Davutoğlu ayrıca, Suriye Ulusal Konseyi’nin Cenevre görüşmelerine katılmaya ikna edilmesi konusunda bir gelişme olup olmadığı sorusuna, "Suriye Ulusal Koalisyonu burada. Suriye Ulusal Konseyi, Suriye Ulusal Koalisyonu içinde bulunuyor. Tabi onların haklı kaygıları vardı. O kaygıları biz de dile getirdik. Bu kaygıların karşılanması sonrasında Suriye Ulusal Koalisyonu’nun Cenevre süreci ile bazı endişeleri ortadan kalktı diyebiliriz. Ancak tabi bu mesele, sadece 11 ülkenin değil, Cenevre’ye gelen tarafların ve BM’nin de bu konuda ortak bir tutum sergilemesi. Biz 11 ülke, bir taraftan Suriye muhalefeti ile görüşmeye devam edeceğiz ve onların haklı kaygılarını giderecek çabaları sürdüreceğiz. Bir taraftan da BM nezdinde ve Rusya başta olmak BM Güvenlik Konseyi’nin diğer üyeleri nezdinde faaliyetlerimize devam edeceğiz. Yani bu bitmiş bir süreç değil. Suriye Ulusal Koalisyonu, Türkiye’nin de içinde bulunduğu bazı ülkelerin garanti vermesi durumunda Cenevre’ye geleceklerini söylediler" cevabını verdi.

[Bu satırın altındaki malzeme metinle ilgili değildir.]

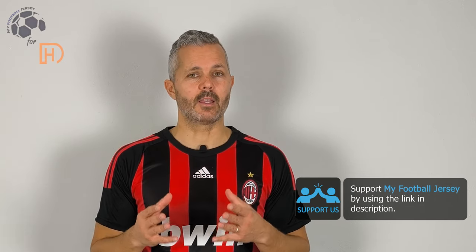If you like the jersey, if you like this theme, please smash the like button. Before I say goodbye, I always tell you to subscribe to the channel — it's really important. We show you different jerseys every day. For today, that's all, see you next time. Ci vediamo alla prossima, ciao!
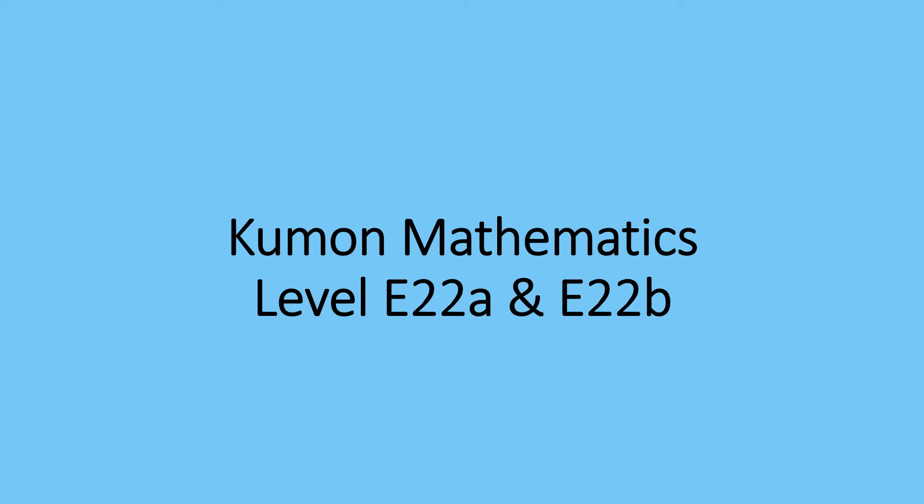Hello everybody, it's Kraken Kumon, and we're going to be doing E22a and E22b.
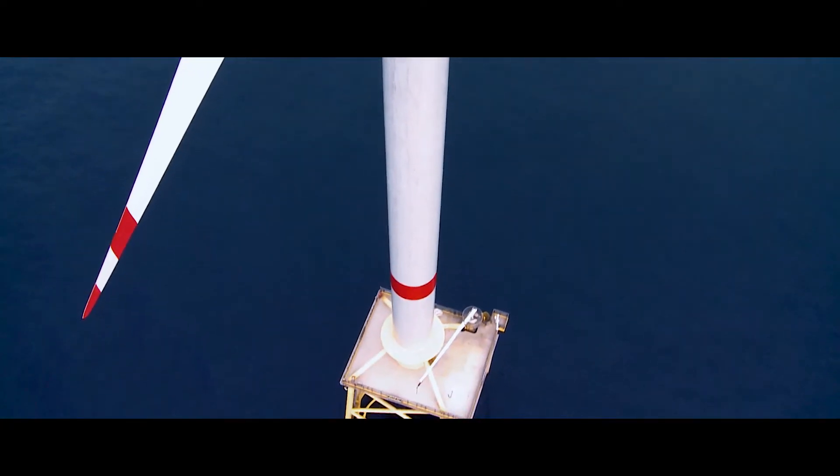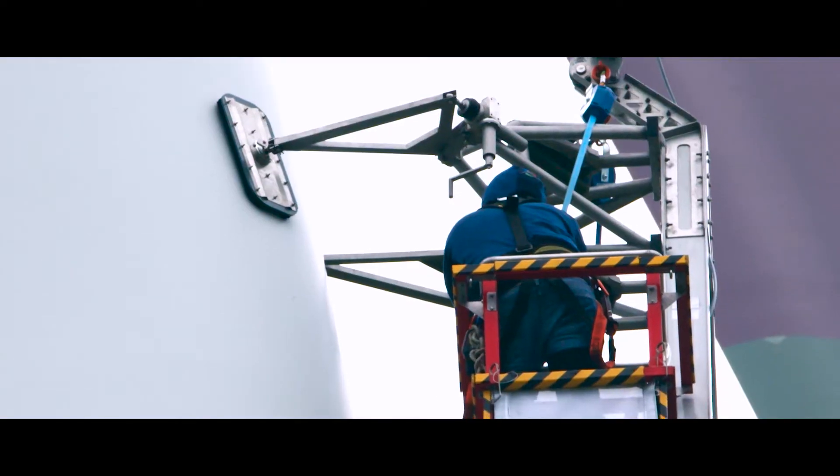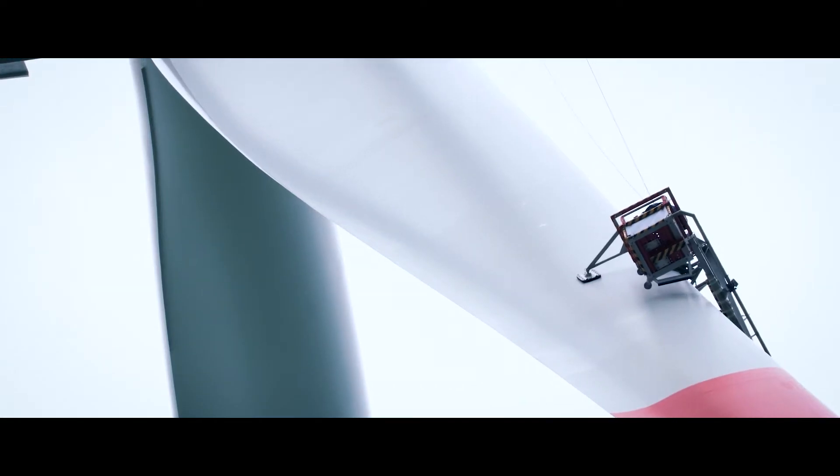Palfinger Blade Access is an innovative solution for safe blade inspection and effective repair of wind turbine blades.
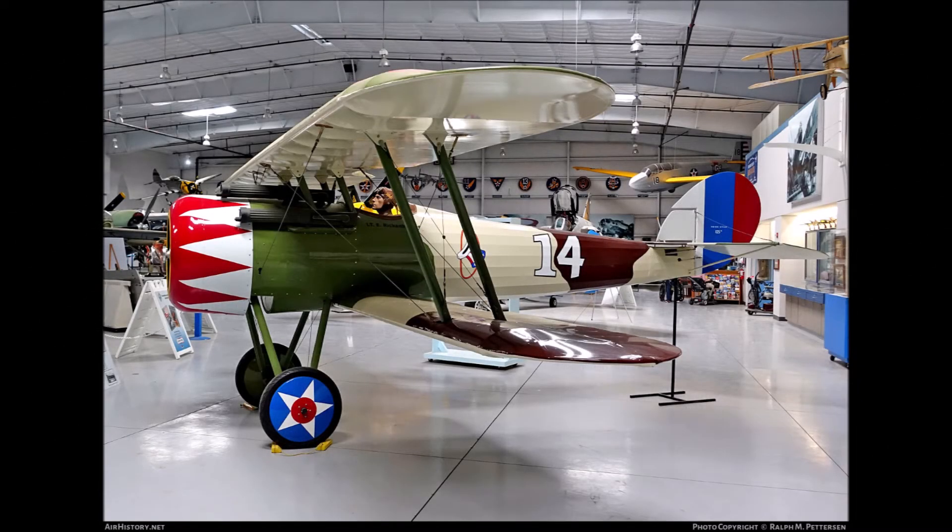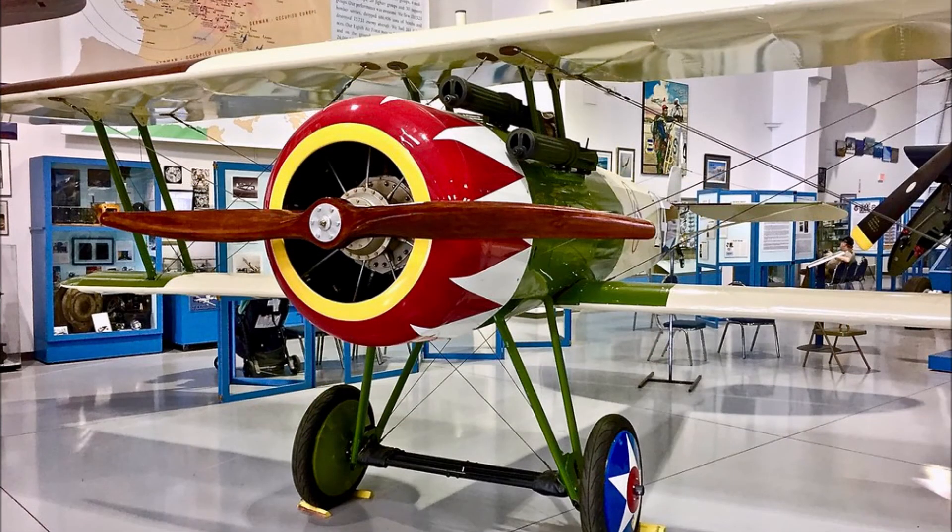This is a replica of the Newport 28 with markings including the U.S. decision to throw its hat in the ring and the 26 victories scored by U.S. ace of aces pilot Eddie Rickenbacker. The sleek design of the Newport, its 160 horsepower rotary engine, and its exceptional maneuverability made it a fierce competitor in the air.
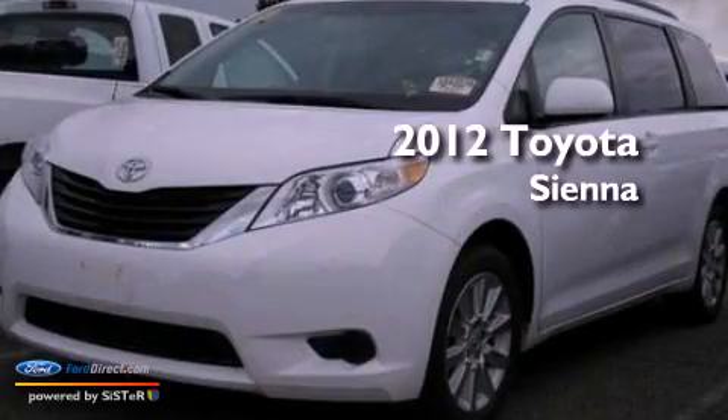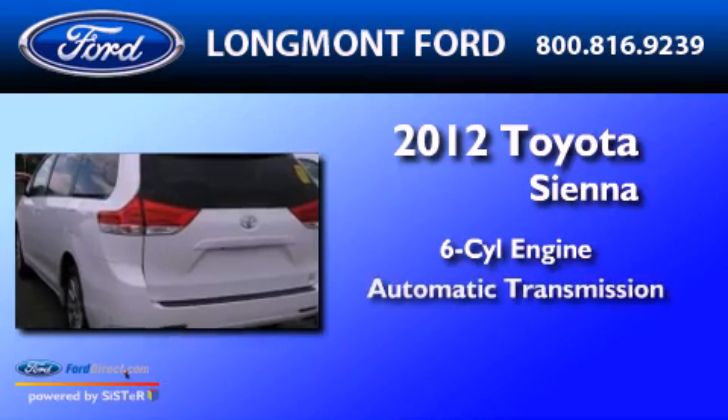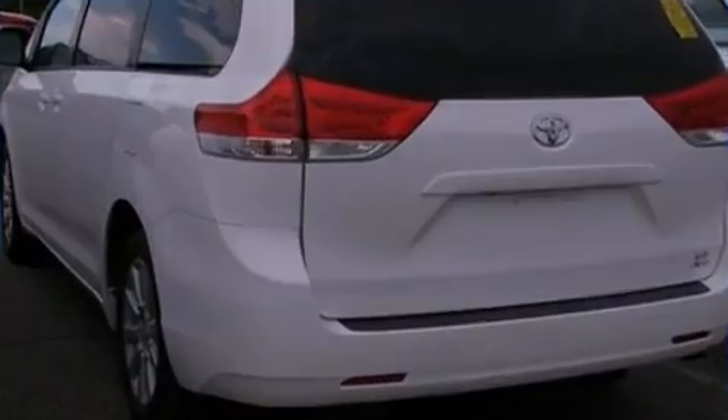This is a 2012 Toyota Sienna. It has a six-cylinder engine, an automatic transmission, and all-wheel drive.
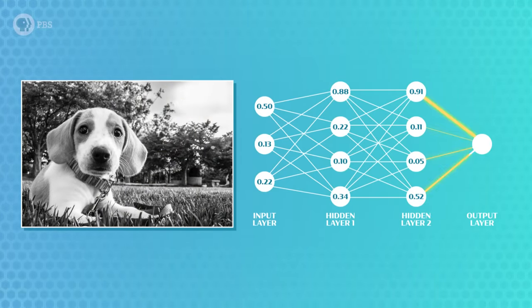Thank you to CuriosityStream for supporting PBS Digital Studios. CuriosityStream is a subscription streaming service that offers documentaries and non-fiction titles from a variety of filmmakers, including CuriosityStream originals. For example, you can stream A Curious World, which over two seasons answers questions like: can we colonize Mars, and could robots rule the world? You can learn more at CuriosityStream.com/CrashCourse, or click the link in the description. Crash Course AI is produced in association with PBS Digital Studios. If you want to help keep Crash Course free for everyone forever, you can join our community on Patreon. And if you want to learn more about the math behind neural networks, check out this video from Crash Course Statistics.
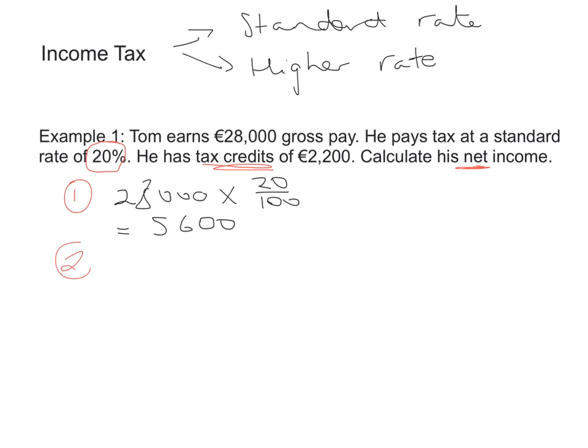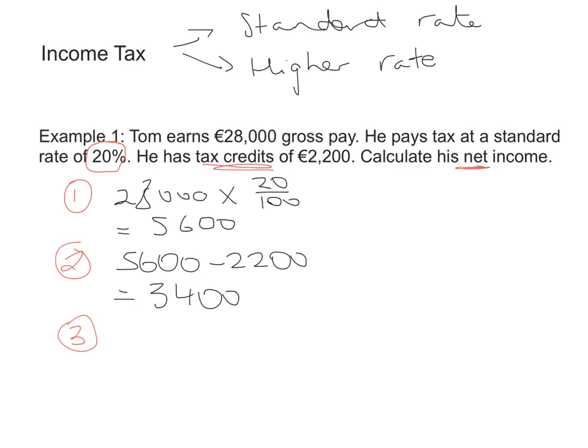However, Tom is happy because he has some tax credits, which means he does not have to pay all of that tax to the government. So we're going to subtract the €2,200 in tax credits, and when we do that we get a net tax of €3,400 — that's how much money Tom actually has to pay. The last thing we have to do is find his net income, so we take his gross pay and subtract the net tax: €28,000 minus €3,400. Therefore, Tom's net income for the year is €24,600.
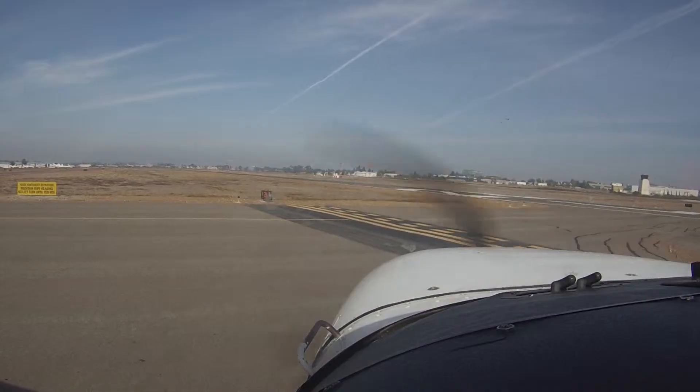Cessna 019, westbound approved, runway 28L, cleared for takeoff. Clear for takeoff, 28L, Scott Lock 019.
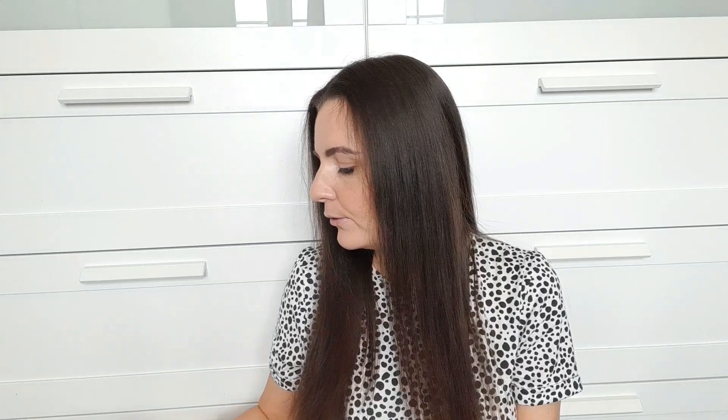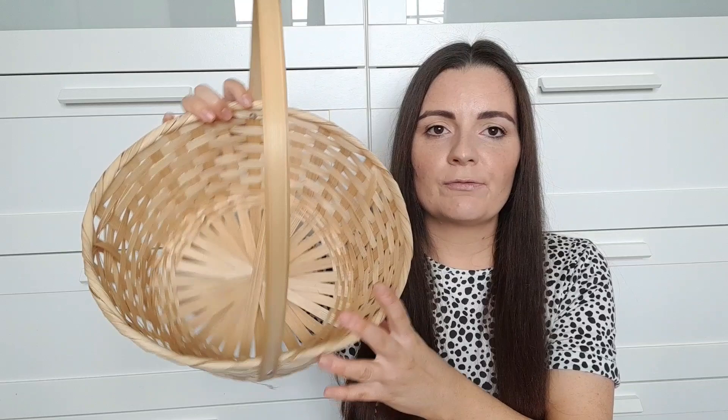An Easter basket is something quite new to us — it's quite an American thing to do — but I've decided this year to make one up for Elsie after the rubbish year we've had. I thought it'd be something nice for her to have. Usually she would get a little bit of chocolate and a little gift, but I thought I'd do something a little bit different. I'm using this little wicker basket from Asda, which was only £2. It's a really big size and an absolute bargain — it's got loads of room and we can use it again after for storage.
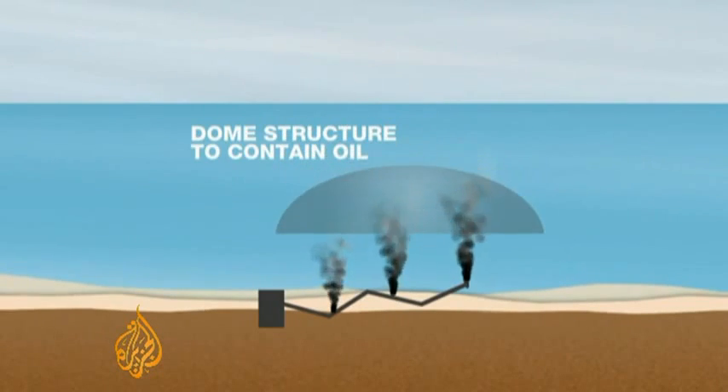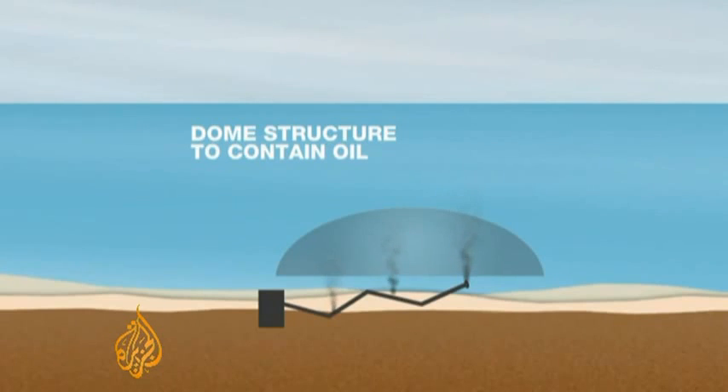A second option is to construct a large dome structure that could be lowered above the leaks. Oil would collect under the dome and then could be piped up to ships on the surface.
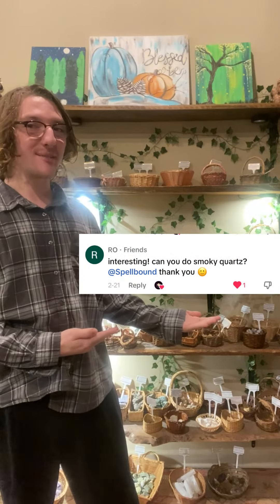Hello everybody and welcome back to Into the Craft. Today we have a special request from Rowe for Smoky Quartz. So let's get started.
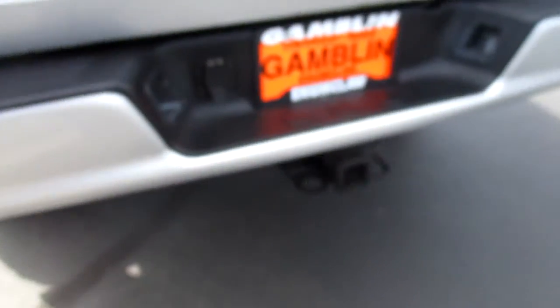Bed liner in the back. Take a look at the tires again — it's got trailing gear for whatever you want, and it's got a little bit of lift.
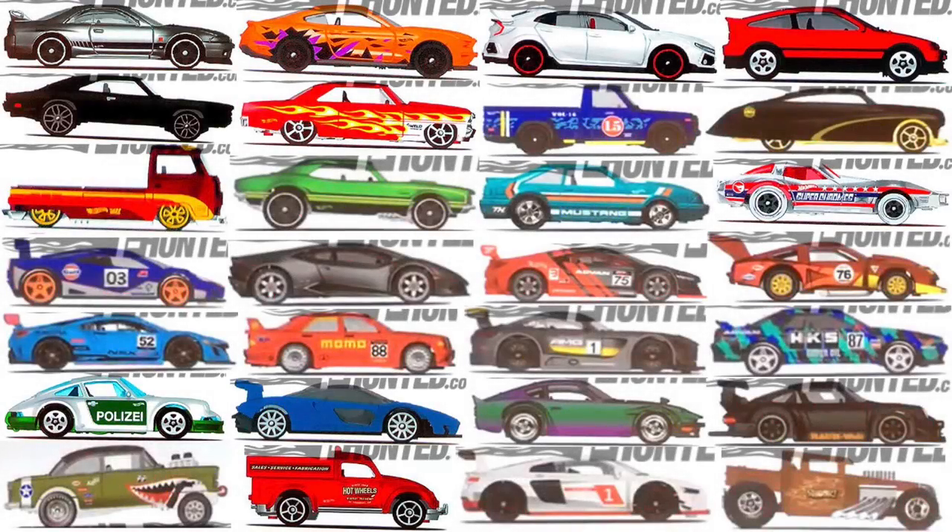Hey guys, what's going on? Today we're talking about the brand new 2019 Hot Wheels cars that were showed off during the Hot Wheels Los Angeles convention, and there are a lot of them, so let's get started.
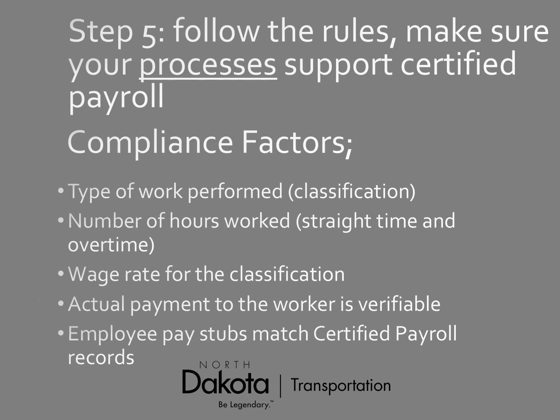Step five is follow the rules. Make sure your processes support certified payroll and compliance. Know the type of work being performed — is it laborer work or concrete finisher? There's a significant difference in rates. Make sure you know hours worked, whether straight time or overtime, and the correct wage rate for each classification. Verify that the actual payment to the worker is verifiable. A key area: employee pay stubs must match the certified payroll records. We've seen companies whose certified payroll reports don't equal their payroll records, which causes pushback from contractors on pay applications.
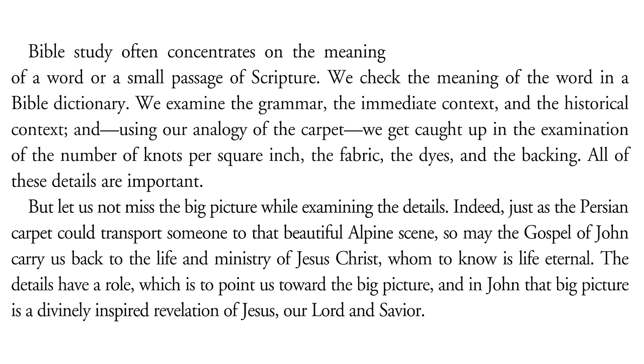Bible study often concentrates on the meaning of a word or a small passage of Scripture — checking the Bible dictionary, examining the grammar, the immediate context, and the historical context. Using our analogy of the carpet, we get caught up in the examination of the number of knots per square inch, the fabric, the dyes, and the backing. All of these details are important, but let us not miss the big picture. Just as the Persian carpet could transport someone to that beautiful alpine scene, so may the Gospel of John carry us back to the life and ministry of Jesus, whom to know is life eternal. The details have a role, which is to point us toward the big picture — and in John that picture is a divinely inspired revelation of Jesus, our Lord and Savior.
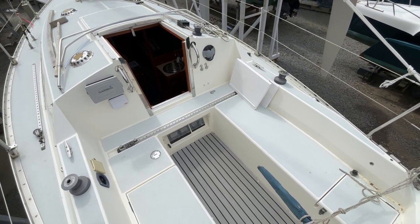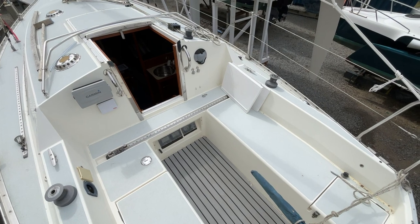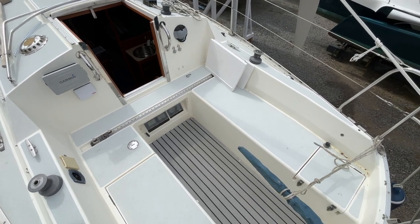Hi, this is Nick from Boatshield Hamble. I'm just going to give you an exterior tour of this Moody 27 we have for sale, starting here in the cockpit.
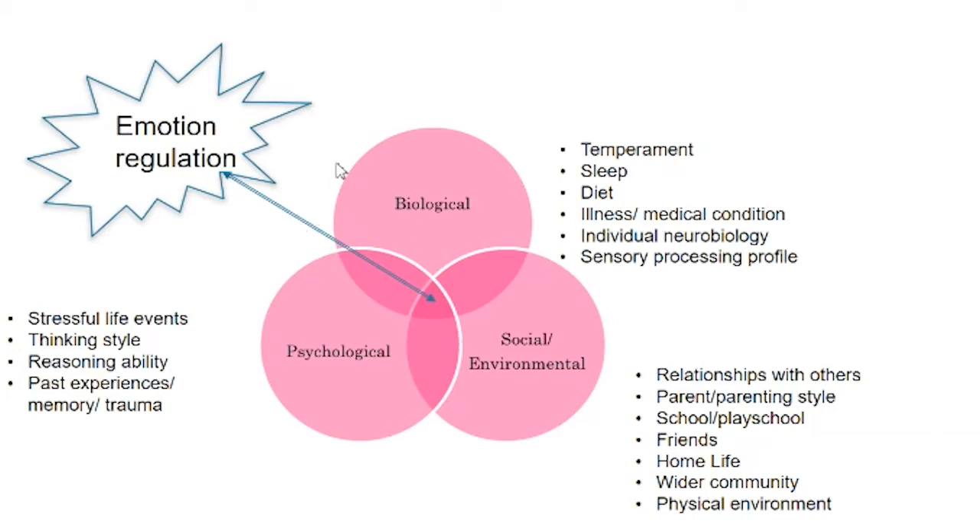There are far more factors than we've included here — we've given just a few samples, but there's an endless number you could add. It's important to say this will vary across time, for individuals, and in different contexts. Biological factors that might contribute to our ability to regulate emotionally include temperament — often genetically determined — sleep, diet, illness, medical conditions, pain, individual neurobiology, and sensory processing profile, especially if someone is neurodivergent.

Suriye Ulusal Koalisyonu’nun, Esad rejiminin elinde bulunan kadın ve çocuk tutukluların serbest bırakılması halinde Cenevre’ye katılma şartını ileri sürmesinin hatırlatılması üzerine Davutoğlu, "Bu konuda da bildiride bazı unsurlar var. Müzakere süreci içinde bu adımların atılması yönünde de açık atıflar var" dedi.